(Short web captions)
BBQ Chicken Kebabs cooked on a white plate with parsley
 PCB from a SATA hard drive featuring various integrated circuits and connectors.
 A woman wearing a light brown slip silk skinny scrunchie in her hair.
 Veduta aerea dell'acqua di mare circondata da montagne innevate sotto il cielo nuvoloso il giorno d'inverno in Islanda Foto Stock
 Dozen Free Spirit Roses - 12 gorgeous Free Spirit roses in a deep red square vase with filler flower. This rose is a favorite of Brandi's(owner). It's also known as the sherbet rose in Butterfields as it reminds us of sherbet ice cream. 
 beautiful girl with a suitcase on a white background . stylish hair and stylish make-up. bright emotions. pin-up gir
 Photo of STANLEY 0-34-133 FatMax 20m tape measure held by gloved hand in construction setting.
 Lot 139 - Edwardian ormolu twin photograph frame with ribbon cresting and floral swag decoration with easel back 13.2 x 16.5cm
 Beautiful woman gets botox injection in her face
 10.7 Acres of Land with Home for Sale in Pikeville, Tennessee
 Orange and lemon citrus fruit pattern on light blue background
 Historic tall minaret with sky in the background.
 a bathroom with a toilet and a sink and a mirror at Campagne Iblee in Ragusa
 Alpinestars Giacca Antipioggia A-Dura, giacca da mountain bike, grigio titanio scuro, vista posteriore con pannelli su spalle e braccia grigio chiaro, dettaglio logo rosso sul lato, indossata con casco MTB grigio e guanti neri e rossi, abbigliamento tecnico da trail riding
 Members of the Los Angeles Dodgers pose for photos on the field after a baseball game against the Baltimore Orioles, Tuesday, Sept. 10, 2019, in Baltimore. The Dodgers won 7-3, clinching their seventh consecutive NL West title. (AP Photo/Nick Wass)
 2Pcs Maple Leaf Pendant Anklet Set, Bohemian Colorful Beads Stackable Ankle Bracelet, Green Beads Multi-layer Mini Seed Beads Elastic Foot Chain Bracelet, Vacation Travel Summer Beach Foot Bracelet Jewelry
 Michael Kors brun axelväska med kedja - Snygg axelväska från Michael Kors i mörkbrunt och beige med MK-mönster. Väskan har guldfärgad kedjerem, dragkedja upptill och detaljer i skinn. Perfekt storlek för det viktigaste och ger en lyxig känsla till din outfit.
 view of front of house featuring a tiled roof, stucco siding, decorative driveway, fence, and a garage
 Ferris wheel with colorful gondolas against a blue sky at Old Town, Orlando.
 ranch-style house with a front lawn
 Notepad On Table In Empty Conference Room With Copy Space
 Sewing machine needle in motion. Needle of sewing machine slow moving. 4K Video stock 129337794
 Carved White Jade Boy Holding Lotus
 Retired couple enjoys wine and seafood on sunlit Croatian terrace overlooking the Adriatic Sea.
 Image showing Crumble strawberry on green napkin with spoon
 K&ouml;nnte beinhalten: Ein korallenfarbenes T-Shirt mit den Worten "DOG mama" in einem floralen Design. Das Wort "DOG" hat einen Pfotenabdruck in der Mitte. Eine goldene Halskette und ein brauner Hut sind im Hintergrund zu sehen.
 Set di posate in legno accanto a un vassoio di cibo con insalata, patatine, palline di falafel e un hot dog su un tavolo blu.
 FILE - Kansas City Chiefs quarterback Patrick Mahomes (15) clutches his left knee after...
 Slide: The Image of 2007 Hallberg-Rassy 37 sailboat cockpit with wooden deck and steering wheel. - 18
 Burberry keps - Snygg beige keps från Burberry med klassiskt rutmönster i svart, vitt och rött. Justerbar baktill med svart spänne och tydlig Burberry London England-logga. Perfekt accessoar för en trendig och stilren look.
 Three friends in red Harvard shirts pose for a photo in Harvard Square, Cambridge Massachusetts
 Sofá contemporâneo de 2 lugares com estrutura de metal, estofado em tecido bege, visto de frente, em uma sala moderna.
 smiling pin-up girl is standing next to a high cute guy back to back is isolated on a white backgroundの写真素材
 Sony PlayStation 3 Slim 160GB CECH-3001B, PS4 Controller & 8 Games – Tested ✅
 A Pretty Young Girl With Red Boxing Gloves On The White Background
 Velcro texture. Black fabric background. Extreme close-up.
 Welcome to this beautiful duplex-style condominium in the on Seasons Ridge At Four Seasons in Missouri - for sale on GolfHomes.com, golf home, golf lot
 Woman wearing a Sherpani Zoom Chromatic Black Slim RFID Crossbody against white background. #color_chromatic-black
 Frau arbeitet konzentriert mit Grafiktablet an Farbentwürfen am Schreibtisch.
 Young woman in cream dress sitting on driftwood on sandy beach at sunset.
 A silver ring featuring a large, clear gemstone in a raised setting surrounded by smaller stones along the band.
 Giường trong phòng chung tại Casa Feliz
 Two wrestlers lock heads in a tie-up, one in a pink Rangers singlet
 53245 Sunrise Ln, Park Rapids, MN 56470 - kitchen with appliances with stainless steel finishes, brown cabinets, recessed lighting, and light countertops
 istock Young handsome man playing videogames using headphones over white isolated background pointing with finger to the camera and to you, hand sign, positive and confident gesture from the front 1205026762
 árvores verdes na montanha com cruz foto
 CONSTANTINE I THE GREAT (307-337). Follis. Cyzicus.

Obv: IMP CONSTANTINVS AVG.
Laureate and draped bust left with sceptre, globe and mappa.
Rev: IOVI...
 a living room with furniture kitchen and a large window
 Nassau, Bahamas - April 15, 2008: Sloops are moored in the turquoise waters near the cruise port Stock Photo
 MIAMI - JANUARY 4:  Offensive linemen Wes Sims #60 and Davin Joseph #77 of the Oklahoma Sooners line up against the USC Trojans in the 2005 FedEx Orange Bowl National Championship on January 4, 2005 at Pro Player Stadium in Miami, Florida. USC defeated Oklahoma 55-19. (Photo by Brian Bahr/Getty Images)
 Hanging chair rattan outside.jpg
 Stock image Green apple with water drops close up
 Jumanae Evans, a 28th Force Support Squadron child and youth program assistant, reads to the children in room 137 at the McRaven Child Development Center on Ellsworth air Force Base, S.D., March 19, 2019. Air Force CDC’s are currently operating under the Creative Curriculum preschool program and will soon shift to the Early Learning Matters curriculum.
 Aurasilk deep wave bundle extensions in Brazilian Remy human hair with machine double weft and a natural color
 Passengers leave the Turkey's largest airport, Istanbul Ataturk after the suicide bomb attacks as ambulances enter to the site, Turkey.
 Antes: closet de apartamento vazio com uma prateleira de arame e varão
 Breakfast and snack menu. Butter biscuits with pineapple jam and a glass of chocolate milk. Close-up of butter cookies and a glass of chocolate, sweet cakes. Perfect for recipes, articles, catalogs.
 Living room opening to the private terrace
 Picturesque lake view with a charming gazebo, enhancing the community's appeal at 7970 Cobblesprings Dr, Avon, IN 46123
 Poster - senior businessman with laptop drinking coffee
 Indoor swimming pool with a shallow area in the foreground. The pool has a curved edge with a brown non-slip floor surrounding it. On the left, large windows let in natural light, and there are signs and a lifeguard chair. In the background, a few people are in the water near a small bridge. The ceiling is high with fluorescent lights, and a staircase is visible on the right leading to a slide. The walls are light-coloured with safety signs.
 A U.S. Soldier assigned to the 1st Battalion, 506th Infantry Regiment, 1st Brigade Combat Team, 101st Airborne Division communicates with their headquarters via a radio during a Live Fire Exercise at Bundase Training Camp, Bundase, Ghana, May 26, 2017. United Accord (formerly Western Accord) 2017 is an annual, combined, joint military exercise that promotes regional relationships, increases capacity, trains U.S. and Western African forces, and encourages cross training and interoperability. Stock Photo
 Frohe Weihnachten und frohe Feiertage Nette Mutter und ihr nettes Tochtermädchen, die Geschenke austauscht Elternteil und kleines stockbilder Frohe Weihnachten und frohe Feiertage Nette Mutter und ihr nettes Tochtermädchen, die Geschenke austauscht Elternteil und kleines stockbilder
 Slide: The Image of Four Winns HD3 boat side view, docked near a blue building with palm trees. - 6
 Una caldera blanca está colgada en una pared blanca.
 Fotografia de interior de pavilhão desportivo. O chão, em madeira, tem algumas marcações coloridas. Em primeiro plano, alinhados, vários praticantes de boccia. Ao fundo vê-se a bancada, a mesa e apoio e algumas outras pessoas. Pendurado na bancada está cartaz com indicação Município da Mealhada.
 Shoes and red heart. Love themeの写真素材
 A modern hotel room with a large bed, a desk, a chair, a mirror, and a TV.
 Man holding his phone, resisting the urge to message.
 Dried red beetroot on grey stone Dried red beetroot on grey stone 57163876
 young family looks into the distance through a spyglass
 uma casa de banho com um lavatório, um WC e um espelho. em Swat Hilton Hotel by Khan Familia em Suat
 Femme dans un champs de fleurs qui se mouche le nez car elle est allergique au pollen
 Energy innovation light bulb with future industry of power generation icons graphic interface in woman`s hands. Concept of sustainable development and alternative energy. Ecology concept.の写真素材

Exercise requirements: Once you find the line with "A silver ring" in the entries above, output it and each line after it up to and including the line with "53245 Sunrise Ln, Park", and nothing else.

Result of this exercise:
 A silver ring featuring a large, clear gemstone in a raised setting surrounded by smaller stones along the band.
 Giường trong phòng chung tại Casa Feliz
 Two wrestlers lock heads in a tie-up, one in a pink Rangers singlet
 53245 Sunrise Ln, Park Rapids, MN 56470 - kitchen with appliances with stainless steel finishes, brown cabinets, recessed lighting, and light countertops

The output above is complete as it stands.